I'm not sure how old Megan was. Way too young, I'll tell you that. 

Nimoy was famous for playing Spock who adventured into deep space.
Clark was famous for adventuring into the deep seas.
Megan was not famous. She adventured right here on earth in ways that I can't even begin to describe. She was one of the bravest people I ever personally knew. 

Well. We are still here now and despite all, I had a good day with my boys and their mama and we even went by to see Hank and take him lunch from Japanica! Here is his cat, Humbert, on his leash. 



Yes. Humbert goes outside with a leash. Humbert is a very special cat. He may be the most be-here-now of all creatures on earth. And he is so lucky to have Hank and Hank is lucky to have him. 

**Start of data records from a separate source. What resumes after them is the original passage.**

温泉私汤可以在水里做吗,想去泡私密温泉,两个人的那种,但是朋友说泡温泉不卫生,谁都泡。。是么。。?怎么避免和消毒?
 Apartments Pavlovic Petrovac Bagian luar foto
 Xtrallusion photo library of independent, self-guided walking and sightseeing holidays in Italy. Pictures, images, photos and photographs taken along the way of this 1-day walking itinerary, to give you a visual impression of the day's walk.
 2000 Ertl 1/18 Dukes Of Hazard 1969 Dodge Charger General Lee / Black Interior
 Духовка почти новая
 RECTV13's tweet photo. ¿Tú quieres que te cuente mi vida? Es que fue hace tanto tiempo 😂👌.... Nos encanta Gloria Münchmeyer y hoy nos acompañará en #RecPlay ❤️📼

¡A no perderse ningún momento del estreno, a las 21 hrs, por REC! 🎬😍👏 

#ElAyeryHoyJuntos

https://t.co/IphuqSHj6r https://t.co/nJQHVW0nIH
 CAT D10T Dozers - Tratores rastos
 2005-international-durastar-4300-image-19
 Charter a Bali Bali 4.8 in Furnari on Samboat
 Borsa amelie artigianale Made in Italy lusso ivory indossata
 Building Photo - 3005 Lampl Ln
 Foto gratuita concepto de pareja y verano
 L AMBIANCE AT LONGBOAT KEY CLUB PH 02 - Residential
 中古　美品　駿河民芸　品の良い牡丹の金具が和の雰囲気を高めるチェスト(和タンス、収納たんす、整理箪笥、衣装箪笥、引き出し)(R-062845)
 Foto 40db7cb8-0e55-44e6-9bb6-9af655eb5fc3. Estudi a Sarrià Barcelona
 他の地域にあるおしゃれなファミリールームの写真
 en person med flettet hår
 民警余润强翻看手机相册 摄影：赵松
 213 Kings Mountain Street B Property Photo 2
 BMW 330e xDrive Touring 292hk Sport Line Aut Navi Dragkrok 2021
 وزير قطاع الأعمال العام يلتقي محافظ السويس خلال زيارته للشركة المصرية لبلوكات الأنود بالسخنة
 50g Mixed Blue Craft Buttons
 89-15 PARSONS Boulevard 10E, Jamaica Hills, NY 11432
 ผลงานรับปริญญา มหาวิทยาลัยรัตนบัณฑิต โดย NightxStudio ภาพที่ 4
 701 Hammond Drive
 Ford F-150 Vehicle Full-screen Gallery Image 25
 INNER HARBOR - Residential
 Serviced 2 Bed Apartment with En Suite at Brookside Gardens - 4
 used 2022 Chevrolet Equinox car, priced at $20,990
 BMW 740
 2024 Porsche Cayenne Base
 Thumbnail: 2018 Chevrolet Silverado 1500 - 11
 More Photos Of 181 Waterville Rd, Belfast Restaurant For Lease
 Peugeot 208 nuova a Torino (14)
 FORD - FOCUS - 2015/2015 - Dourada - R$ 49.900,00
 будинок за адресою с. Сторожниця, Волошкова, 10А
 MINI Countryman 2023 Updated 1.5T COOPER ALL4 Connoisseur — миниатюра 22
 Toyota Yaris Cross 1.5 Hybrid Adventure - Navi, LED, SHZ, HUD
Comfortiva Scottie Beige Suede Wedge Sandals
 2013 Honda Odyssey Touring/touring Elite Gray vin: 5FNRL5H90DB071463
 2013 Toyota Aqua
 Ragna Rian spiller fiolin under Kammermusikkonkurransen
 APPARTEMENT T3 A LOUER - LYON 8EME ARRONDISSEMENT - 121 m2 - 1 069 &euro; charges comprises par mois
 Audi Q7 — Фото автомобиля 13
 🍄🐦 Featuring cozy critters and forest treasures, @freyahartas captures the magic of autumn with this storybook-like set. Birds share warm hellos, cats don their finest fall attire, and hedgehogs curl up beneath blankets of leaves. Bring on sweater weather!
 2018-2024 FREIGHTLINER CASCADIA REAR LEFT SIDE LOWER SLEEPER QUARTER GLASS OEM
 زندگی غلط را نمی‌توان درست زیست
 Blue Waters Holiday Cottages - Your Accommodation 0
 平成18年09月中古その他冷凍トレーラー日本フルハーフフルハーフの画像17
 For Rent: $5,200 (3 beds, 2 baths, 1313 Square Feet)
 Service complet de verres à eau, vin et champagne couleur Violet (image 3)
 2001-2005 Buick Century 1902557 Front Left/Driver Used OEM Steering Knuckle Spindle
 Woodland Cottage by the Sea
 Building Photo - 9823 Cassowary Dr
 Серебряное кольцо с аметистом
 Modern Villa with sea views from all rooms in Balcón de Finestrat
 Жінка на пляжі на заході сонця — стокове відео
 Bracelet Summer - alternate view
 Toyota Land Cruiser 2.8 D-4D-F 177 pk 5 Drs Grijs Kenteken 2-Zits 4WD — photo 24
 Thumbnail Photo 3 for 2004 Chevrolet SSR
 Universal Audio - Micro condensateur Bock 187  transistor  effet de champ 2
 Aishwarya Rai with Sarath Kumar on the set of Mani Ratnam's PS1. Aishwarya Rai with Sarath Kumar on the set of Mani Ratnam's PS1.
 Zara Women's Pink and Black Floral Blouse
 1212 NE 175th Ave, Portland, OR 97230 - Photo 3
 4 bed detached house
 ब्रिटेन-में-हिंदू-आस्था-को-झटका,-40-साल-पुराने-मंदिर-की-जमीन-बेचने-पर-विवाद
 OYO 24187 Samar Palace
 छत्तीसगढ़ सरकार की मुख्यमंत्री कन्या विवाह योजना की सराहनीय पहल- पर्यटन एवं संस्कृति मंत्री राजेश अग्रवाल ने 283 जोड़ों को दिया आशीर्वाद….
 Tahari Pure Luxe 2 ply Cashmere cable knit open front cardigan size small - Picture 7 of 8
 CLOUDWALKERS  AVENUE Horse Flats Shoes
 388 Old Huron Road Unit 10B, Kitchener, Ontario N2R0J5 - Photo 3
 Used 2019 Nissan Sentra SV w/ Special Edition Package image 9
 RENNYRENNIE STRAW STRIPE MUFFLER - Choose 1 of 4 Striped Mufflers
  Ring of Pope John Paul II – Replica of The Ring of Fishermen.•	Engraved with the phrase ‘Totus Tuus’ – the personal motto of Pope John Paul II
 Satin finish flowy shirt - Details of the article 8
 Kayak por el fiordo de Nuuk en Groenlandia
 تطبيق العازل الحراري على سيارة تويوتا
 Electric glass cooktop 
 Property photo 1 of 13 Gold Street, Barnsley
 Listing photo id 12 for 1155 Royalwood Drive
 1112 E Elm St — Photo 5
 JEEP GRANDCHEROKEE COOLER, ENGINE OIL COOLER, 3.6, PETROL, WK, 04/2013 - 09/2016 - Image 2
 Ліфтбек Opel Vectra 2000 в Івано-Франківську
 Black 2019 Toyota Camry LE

And we went to the library where Gibson cried and cried to ride on the alligator. 
Which, of course, means elevator. 
He got to ride on TWO alligators.
And Owen hugged me so tightly and so long that I cried a little bit, feeling as if I have never in my life been loved quite like I am loved by that child. 

Life is fucking short, y'all. Even if you live to be 93. Some of us live long and prosper. Some of us dive with sharks and experience that sort of euphoria. Some of us do the best we fucking can until we can't. So let's ride all the alligators we can while we're here. Let's love with as much of our hearts as is humanly possible and show it in every way we can. 
Let us please reach out for help before the pain gets so bad we cannot. 
Let us be brave enough to dance. 

Love...Ms. Moon




Beautiful

A gorgeous essay is up on the New York Times website, written by Betsy MacWhinney who writes one of my most favorite blogs ever here.

The essay, entitled "Bringing A Daughter Back From The Brink With Poems," can (and should be) read here. 

Thank you, Betsy.

Once again I am reminded how much richer my own life is through the community I have found in this ethereal and so very real world of ours.



Correspondance

Dear Elizabeth,
Here is a bush hog:


That device in back cuts through anything. Bushes, small trees, garbage. 

Dear Mick "Spare Parts" Jagger, 
I am sorry that Elvis makes you a pariah. Hang in there, boy. Your day will come. 


Dear Owen, 
I am coming to see you dance in the Fairy Tale Ball. I will wear my leopard stockings. I am very excited. Don't be nervous. 

Dear Everyone Else, 
Happy Friday.

Love...Ms. Moon

P.S. I just saw Mick have his way with Miss Mabel. I guess his day is here. 

Thursday, February 26, 2015

Oh, How Grand We Are And Made In God's Image, Too!

The tuna lasagna is in the oven and I did nothing special at all today and when I walked I discovered that a lot of my woods path has been bush-hogged and trimmed and instead of picking up the garbage people have dumped, they simply bush-hogged right through it and right now I bloody well think that humans are about the least deserving creatures on this planet.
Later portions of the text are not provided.